Lau v. Nichols (1974)

by elle hefner and alana bailey

description of the facts

In 1971 the San Francisco, California school system was integrated as a result of a federal court decree. Approximately 2,800 Chinese ancestry students

in the school system did not speak English. One thousand of these students received supplemental courses in English language, and 1,800 did not

receive such instruction. A class action suit was brought by the non-English-speaking Chinese students who did not receive additional instruction against

officials responsible for the operation of the San Francisco Unified School District. The students alleged that they were not provided with equal educational

opportunities and, therefore, were not being afforded their Fourteenth Amendment rights.

The District Court denied relief, and the Court of Appeals affirmed the decision. The basis of the Court of Appeals decision was that every student brings

to his or her educational career different advantages and disadvantages based on social, economic, and cultural background, which are factors created

separately from the school system.

A petition for certiorari was filed, and the United States Supreme Court granted the petition due to the public importance of the issue.

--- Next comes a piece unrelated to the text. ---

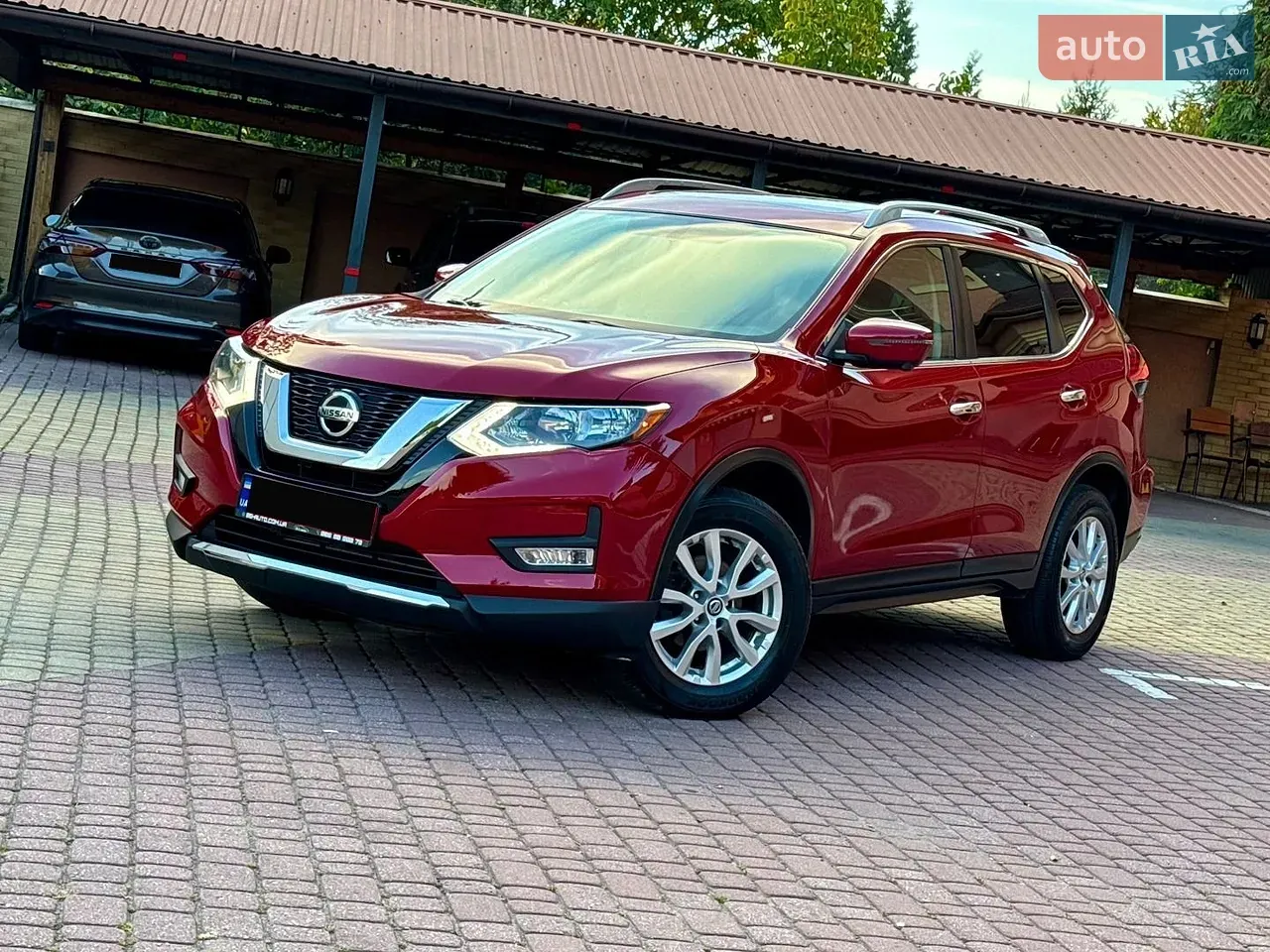 Nissan Rogue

The Supreme

Court found that the California Education Code required that the English language was the basic language of instruction in all schools, and that it was a

policy of the state to ensure the mastery of English by all students in the schools. In addition, the Code required compulsory, full-time education for

children between the ages of six and sixteen and required that no student who had not met the standards of proficiency in English would be allowed to

graduate in twelfth grade and receive a diploma. In the opinion of the Supreme Court, these state imposed standards did not provide for equality of

treatment simply because all students were provided with equal facilities, books, teachers, and curriculum.

The Supreme Court did not validate the Equal Protection Clause argument of petitioners, but relied on Section 601 of the Civil Rights Act of 1964, which

prohibits discrimination based on race, color, or national origin in any program or activity receiving federal financial assistance. The San Francisco

Unified School District received substantial federal financial assistance, and based on guidelines imposed upon recipients of such funding, school systems must assure that students of a particular race, color, or national origin are not denied the same opportunities to obtain an education generally obtained by other students in the same school system. This guideline was further expanded in 1970 to include that students with language deficiencies were to be afforded the tools necessary to rectify the deficiency.

Based on its findings, the Supreme Court reversed the judgment of the Court of Appeals and remanded the case for appropriate relief to be granted.